- Your instructions -
Set down, exactly and only, everything from the line containing "Qadimgi Kushon davlatining" down to the line containing "Minimalist White Kitchen" in the data below; the pictures are not part of the copy.

- Data shown -
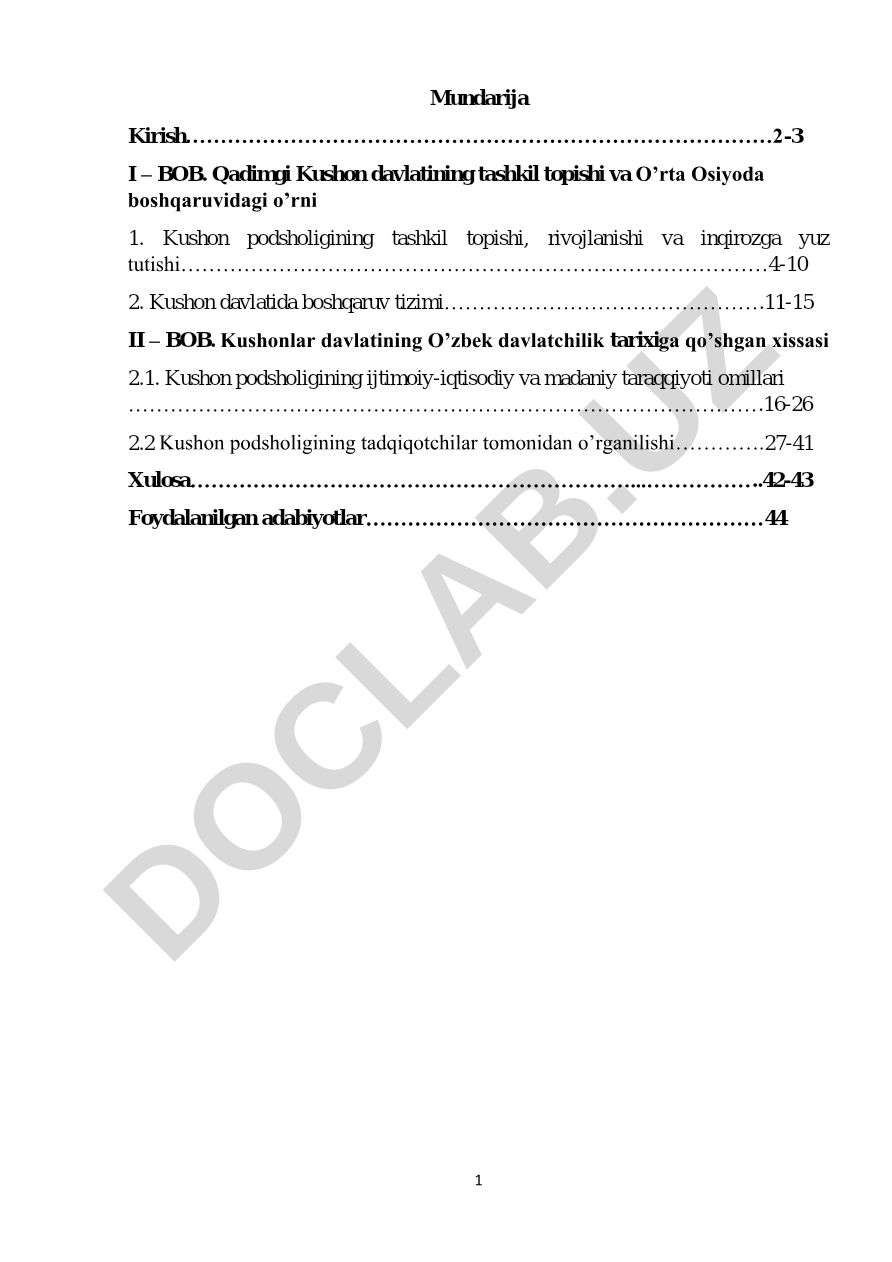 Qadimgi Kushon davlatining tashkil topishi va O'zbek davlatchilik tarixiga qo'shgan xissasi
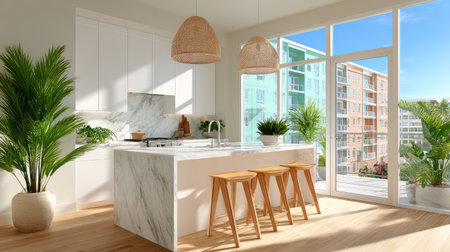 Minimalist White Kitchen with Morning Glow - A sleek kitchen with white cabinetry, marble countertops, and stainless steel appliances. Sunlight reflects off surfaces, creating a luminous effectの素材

--

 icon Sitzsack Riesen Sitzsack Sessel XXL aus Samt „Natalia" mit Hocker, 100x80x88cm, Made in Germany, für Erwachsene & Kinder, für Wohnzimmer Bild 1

- Solution for this problem -
 Qadimgi Kushon davlatining tashkil topishi va O'zbek davlatchilik tarixiga qo'shgan xissasi
 Minimalist White Kitchen with Morning Glow - A sleek kitchen with white cabinetry, marble countertops, and stainless steel appliances. Sunlight reflects off surfaces, creating a luminous effectの素材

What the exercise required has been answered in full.